Nomination
for Best Supporting Actress (Charlotte Rampling)
CESAR 2005 (French Academy Award)
Nomination for Audience Award for Best Actress (Charlotte
Rampling)
European Film Award
In French with English Subtitles
Genre: Thriller
Director: Dominik Moll
Starring: Laurent Lucas, Charlotte Gainsbourg,
Charlotte Rampling
RunTime: 2 hrs 9 mins
Released By: Festive Films and Cathay-Keris
Film
Rating: PG
Website: http://www.festivefilms.com/lemming
Opening Day: 31 August 2006
Synopsis
:
LEMMING
marks the eagerly awaited follow-up to Dominik Moll's hugely
successful thriller, 'Harry, He's Here to Help'. LEMMING provides
another tension-filled, off-kilter riff on the interactions
of two couples.
Alain
Getty (Laurent Lucas), a young and brilliant engineer, and
his wife Benedicte, (Charlotte Gainsbourg) move to a new city
following Alain's work transfer. They invite Alain's new boss
(André Dussolier) and his wife (Charlotte Rampling)
to dinner one evening.
However
the difference between the two couples couldn't be more extreme:
on one hand the
young model couple, on the other, a pair corroded by hate
and resentment.
This
disastrous dinner and the discovery of a mysterious dead rodent
in the kitchen sink waste
pipe marks the descent into pandemonium of their once perfect
life.
Movie
Review:
A childless, young upwardly mobile couple have recently moved
into Bel Air, France after the breadwinner, Alain Getty (Laurent
Lucas), is offered a prominent engineering post at a home
automation development firm. His waifish plain-jane wife,
Benedicte (Charlotte Gainsbourg), stays home to fix up the
new house for their idyllic and promising futures together.

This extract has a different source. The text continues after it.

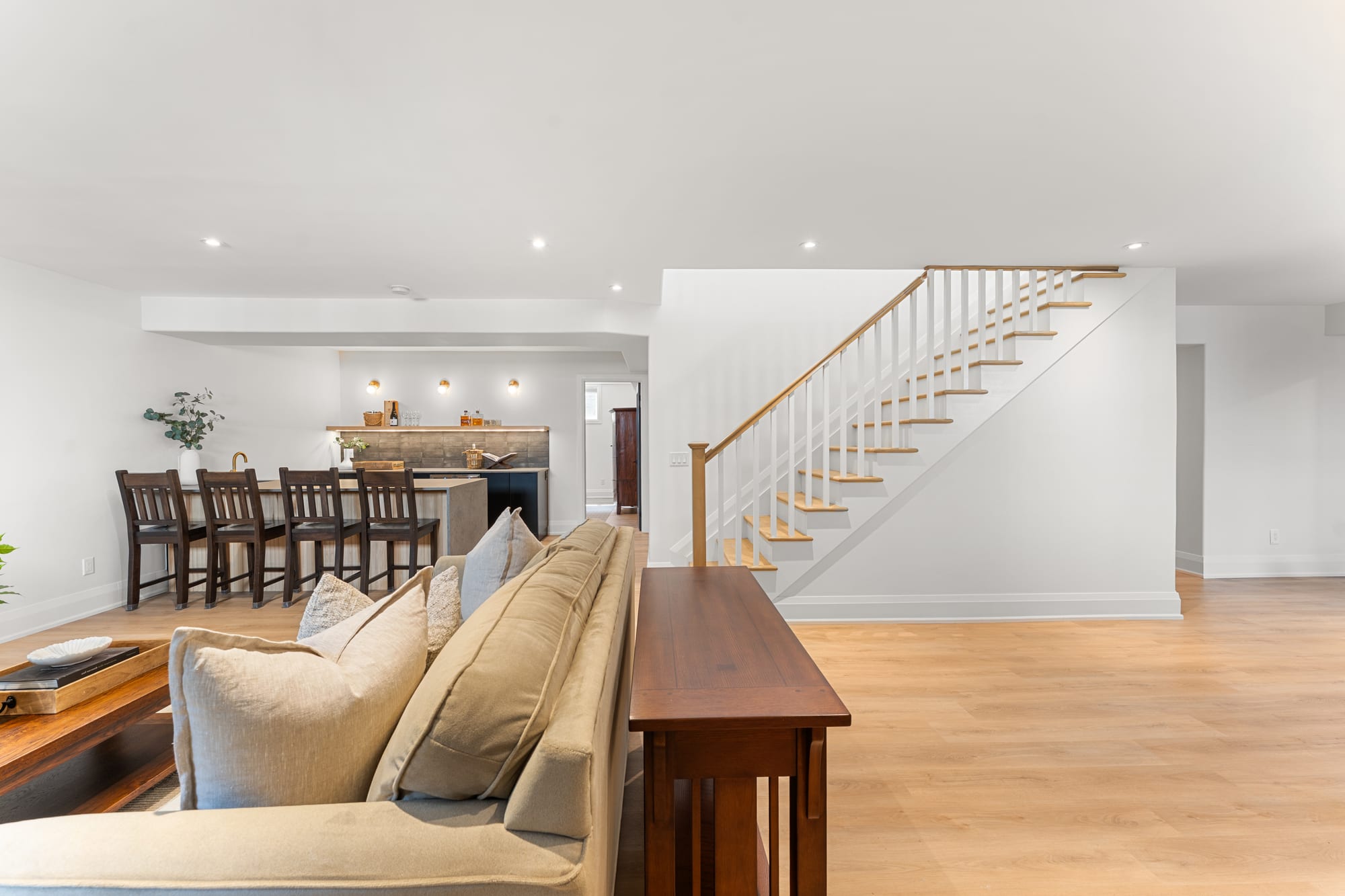 Finished lower level at 110 Mary Street, Collingwood, with a wet bar, bar seating and the staircase to the main floor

On the other end of the age and marriage spectrum are Alain’s
boss, Richard (Andre Dussollier) and his wife Alice Pollock
(Charlotte Rampling) who are bitterly unhappy, jaded and loveless.
Rampling,
who ages beautifully here, is the film’s undisputed
ace in the hole. Alice’s dour disposition, invective
barbs and countenance bears years of experience and portrays
a failing resilience. She unsettles the characters and audience
through sheer concentration in her eyes, fueled by sexual
psychosis and misanthropic menace. She proves indispensable
in Dominik Moll’s “Lemming” by embodying
the essence of the film’s desire to be inscrutable,
sinister and haunting.
After
a riled dinner invitation from the Gettys’ to the Pollocks’,
their conversance brings together unexpected revelations and
nasty consequences for the young couple. Much like Mike Nichol’s
classic 1966 meditation on adult relationships in “Who’s
Afraid of Virginia Woolf?”, there is so much more to
be said for what stays undisclosed than what is eventually
revealed in this tense chamber piece when the worlds of these
contrasting marriages collide. I would go amiss if I didn’t
offer up a caveat before anyone embarks on this film, since
one should not go into this with preconceptions of the plot
from mere synopsis and should shed presumptions about its
utterly fluid and amorphous genre.
Ambiguity
is the main agenda when it comes to “Lemming”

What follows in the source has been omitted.